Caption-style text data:
"""

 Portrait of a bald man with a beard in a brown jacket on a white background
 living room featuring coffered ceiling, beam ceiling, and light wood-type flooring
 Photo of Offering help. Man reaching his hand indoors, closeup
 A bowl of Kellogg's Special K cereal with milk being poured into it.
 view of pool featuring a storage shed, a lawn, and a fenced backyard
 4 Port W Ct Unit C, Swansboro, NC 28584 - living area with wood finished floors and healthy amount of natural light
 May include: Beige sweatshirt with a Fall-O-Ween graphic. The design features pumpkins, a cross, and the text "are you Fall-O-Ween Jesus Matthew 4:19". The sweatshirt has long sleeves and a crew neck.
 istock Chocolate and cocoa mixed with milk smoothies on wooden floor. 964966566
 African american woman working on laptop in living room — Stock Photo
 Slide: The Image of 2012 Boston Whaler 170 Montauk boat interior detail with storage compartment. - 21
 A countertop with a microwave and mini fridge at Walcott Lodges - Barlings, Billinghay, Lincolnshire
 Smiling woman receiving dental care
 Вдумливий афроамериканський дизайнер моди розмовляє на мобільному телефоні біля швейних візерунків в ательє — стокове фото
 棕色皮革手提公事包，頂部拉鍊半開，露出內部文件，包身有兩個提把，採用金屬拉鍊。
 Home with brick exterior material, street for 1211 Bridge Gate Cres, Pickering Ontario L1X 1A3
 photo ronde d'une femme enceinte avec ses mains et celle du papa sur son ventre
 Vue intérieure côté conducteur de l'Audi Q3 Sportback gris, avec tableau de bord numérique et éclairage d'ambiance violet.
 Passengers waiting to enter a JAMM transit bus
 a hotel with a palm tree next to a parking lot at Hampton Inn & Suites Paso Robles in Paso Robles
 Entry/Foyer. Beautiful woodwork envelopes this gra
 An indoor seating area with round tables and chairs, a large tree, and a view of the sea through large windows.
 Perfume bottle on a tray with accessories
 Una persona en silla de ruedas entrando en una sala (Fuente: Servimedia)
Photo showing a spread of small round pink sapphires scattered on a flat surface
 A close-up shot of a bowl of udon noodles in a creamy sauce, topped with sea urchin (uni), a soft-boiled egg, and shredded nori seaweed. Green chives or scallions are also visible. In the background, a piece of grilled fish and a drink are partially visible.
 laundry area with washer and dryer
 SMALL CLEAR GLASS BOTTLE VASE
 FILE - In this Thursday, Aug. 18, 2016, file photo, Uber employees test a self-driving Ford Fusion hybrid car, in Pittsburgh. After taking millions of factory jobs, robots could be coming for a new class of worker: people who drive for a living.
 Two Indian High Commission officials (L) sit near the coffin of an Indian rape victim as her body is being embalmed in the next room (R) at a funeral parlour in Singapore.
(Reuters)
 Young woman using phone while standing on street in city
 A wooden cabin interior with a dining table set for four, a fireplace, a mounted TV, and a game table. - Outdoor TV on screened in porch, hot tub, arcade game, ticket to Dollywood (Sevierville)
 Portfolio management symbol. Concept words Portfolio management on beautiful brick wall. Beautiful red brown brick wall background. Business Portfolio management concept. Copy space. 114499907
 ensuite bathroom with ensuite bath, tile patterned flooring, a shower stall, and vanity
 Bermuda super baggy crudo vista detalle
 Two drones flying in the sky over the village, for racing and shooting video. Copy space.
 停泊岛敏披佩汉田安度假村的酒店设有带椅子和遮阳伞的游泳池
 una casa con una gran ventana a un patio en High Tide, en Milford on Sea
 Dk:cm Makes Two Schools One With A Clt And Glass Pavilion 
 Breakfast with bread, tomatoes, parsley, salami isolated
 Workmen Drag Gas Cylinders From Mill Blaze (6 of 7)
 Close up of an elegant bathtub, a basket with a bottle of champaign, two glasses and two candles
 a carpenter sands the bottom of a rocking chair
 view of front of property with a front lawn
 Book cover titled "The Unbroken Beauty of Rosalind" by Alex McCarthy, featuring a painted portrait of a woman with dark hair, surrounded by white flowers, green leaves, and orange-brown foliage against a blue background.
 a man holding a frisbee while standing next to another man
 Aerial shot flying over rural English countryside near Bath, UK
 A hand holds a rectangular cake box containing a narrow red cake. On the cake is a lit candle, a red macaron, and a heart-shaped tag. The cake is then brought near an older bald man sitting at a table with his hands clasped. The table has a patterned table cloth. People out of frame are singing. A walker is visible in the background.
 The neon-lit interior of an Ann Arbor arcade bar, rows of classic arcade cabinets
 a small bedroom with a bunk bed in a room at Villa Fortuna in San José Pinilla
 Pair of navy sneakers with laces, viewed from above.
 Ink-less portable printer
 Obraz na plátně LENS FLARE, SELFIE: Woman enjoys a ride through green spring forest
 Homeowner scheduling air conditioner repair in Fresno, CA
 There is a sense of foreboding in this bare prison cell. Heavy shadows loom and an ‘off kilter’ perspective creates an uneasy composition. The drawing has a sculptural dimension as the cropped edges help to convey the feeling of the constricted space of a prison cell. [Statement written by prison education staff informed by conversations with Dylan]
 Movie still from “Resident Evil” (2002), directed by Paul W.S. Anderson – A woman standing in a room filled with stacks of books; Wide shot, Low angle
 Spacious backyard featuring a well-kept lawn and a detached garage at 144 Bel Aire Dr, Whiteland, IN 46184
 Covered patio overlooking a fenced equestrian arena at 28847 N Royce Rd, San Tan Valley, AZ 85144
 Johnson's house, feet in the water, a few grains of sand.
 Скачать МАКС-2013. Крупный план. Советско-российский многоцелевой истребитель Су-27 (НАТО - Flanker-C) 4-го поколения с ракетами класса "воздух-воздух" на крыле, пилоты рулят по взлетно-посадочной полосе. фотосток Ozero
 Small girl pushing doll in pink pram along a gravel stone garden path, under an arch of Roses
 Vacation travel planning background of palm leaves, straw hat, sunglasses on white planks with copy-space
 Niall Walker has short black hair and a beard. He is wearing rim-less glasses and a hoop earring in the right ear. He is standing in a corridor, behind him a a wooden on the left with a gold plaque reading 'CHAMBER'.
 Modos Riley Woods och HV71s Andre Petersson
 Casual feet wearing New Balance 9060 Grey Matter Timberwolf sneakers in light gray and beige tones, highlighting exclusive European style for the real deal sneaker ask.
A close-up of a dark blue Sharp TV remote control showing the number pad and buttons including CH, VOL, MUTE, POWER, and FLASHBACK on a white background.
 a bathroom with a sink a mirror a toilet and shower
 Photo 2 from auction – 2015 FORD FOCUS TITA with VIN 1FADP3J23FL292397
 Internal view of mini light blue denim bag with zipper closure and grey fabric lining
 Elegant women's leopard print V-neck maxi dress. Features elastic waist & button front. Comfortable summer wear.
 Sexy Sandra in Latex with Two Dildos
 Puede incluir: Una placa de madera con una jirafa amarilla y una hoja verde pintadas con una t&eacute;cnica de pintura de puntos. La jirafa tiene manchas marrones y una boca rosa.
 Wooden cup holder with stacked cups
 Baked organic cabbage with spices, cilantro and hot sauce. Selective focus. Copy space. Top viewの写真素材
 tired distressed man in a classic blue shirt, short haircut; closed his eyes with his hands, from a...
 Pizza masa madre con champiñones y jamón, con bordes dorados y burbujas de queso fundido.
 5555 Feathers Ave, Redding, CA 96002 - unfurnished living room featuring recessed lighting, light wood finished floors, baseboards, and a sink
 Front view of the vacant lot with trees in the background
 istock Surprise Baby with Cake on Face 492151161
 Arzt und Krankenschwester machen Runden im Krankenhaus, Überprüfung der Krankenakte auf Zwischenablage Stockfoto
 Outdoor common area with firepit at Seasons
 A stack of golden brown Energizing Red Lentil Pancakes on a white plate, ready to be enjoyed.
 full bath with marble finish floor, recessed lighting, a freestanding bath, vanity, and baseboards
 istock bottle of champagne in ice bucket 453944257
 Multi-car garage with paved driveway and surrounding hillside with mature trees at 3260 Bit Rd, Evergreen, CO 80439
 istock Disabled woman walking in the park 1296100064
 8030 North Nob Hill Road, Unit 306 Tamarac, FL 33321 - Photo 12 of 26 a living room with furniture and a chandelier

"""

=== Exercise ===
Begin at the first line of the records above and quote every line verbatim through the one that contains "A countertop with".

=== Result of the task ===
 Portrait of a bald man with a beard in a brown jacket on a white background
 living room featuring coffered ceiling, beam ceiling, and light wood-type flooring
 Photo of Offering help. Man reaching his hand indoors, closeup
 A bowl of Kellogg's Special K cereal with milk being poured into it.
 view of pool featuring a storage shed, a lawn, and a fenced backyard
 4 Port W Ct Unit C, Swansboro, NC 28584 - living area with wood finished floors and healthy amount of natural light
 May include: Beige sweatshirt with a Fall-O-Ween graphic. The design features pumpkins, a cross, and the text "are you Fall-O-Ween Jesus Matthew 4:19". The sweatshirt has long sleeves and a crew neck.
 istock Chocolate and cocoa mixed with milk smoothies on wooden floor. 964966566
 African american woman working on laptop in living room — Stock Photo
 Slide: The Image of 2012 Boston Whaler 170 Montauk boat interior detail with storage compartment. - 21
 A countertop with a microwave and mini fridge at Walcott Lodges - Barlings, Billinghay, Lincolnshire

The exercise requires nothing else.